Foveated ViTs and adapting pre-trained models (DINOv3)

Last, we will show how to build a foveated ViT with our code-base, walk through our approach to adapting pre-trained models, and load in our adapted foveated variant of DINOv3

Foveated ViTs are much simpler to build than foveated CNNs. In a foveated ViT, we simply modify the sensor and patch embedding, and then the architecture is a standard ViT!

Let’s look at the patch embedding

[1]:

%load_ext autoreload
%autoreload 2

import matplotlib.pyplot as plt
import numpy as np
import torch
import matplotlib.cm as cm
import os

[2]:

def visualize_patch_embed(patch_embed):
    in_coords = patch_embed.in_coords
    out_coords = patch_embed.out_coords
    in_cart_coords = in_coords.cartesian.cpu().numpy()
    in_plotting_coords = in_coords.plotting.cpu().numpy()
    out_cart_coords = out_coords.cartesian.cpu().numpy()
    out_plotting_coords = out_coords.plotting.cpu().numpy()
    knns = patch_embed.knn_indices.cpu().numpy()

    cmap = cm.get_cmap('tab20b')
    alpha = 0.5
    rf_scalar = 0.01

    # plot output unit coordinates
    fig, axs = plt.subplots(1, 2, figsize=(6, 2), dpi=800, gridspec_kw={'width_ratios': [2, 1]})
    axs[0].scatter(out_plotting_coords[:,0], out_plotting_coords[:,1], s=0.8, alpha=alpha)
    axs[1].scatter(out_cart_coords[:,0], out_cart_coords[:,1], s=0.8, alpha=alpha)
    rf_size = in_coords.polar[:,0].cpu().numpy()
    rf_size = rf_size + np.sort(rf_size)[1] # add second smallest value
    rf_size = rf_scalar*(rf_size / rf_size.min())

    # plot input kNNs
    for jj in range(knns.shape[1]):
        knn = knns[:,jj]
        mask = torch.logical_not(patch_embed.knn_indices_pad_mask[:,jj]).cpu()
        knn = knn[mask] # remove padding tokens
        np.random.seed(jj)
        color = cmap(np.random.randint(knns.shape[1]) / max(1, knns.shape[1] - 1))  # Normalize to [0,1] range
        axs[0].scatter(in_plotting_coords[knn,0], in_plotting_coords[knn,1], s=2, alpha=alpha, color=color, marker='o')
        axs[1].scatter(in_cart_coords[knn,0], in_cart_coords[knn,1], s=rf_size[knn], alpha=alpha, color=color, marker='o')

    for ax in axs:
        ax.axis('off')
        ax.axis('equal')
    axs[1].set_xlim(-1.1, 1.1)
    axs[1].set_ylim(-1.1, 1.1)

    plt.tight_layout()
    plt.show()

We will demonstrate three choices for patch embeddings.
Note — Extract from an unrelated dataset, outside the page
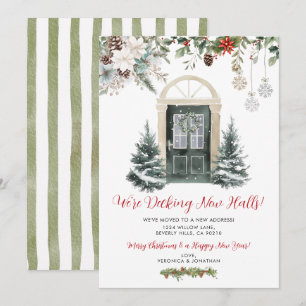 Invitation Annonce d'adresse nouvelle pour Noël en vert et en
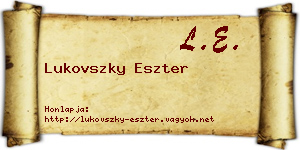 Lukovszky Eszter névjegykártya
KNNPatchEmbedding: this is the most direct translation of a KNNConv layer to the patch embedding setting.
PartitioningPatchEmbedding: this embedding yields a non-overlapping partition of the input coordinate space into output tokens. This produces some odd shapes around the boundaries.
KNNPartitioningPatchEmbedding: this uses the partitioning solution from a PartitioningPatchEmbedding to discover the minimum geodesic distance on the sensor manifold, and thereby \(k\) value, needed for all input units to be assigned into output kNNs, producing slight overlap due to the circular nature of kNNs. We prefer this embedding due to the consistent patch shapes, and ease of parameterization relative to KNNPatchEmbedding.

[3]:

from fovi.arch.knnvit import KNNPartitioningPatchEmbedding

device = "cpu"
resolution = 64
fov = 16
cmf_a = 2

patch_embed = KNNPartitioningPatchEmbedding(
    3,
    384,
    resolution,
    fov,
    cmf_a,
    auto_match_cart_resources=1,
    in_cart_res=64,
    cart_patch_size=8,
    device=device,
    force_patches_less_than_matched=True,
    max_coord_val='auto',
    sample_cortex='geodesic',
)

visualize_patch_embed(patch_embed)

/home/nblauch/git/fovi/fovi/arch/knn.py:65: UserWarning: To copy construct from a tensor, it is recommended to use sourceTensor.detach().clone() or sourceTensor.detach().clone().requires_grad_(True), rather than torch.tensor(sourceTensor).
  num_neighbors = torch.minimum(torch.tensor(self.k*m), torch.tensor(self.in_coords.shape[0]))
/home/nblauch/miniconda3/envs/fovi/lib/python3.9/site-packages/torch/functional.py:554: UserWarning: torch.meshgrid: in an upcoming release, it will be required to pass the indexing argument. (Triggered internally at /pytorch/aten/src/ATen/native/TensorShape.cpp:4322.)
  return _VF.meshgrid(tensors, **kwargs)  # type: ignore[attr-defined]
/home/nblauch/git/fovi/fovi/arch/knn.py:170: UserWarning: To copy construct from a tensor, it is recommended to use sourceTensor.detach().clone() or sourceTensor.detach().clone().requires_grad_(True), rather than torch.tensor(sourceTensor).
  num_neighbors = torch.minimum(torch.tensor(self.k*m), torch.tensor(self.in_coords.shape[0]))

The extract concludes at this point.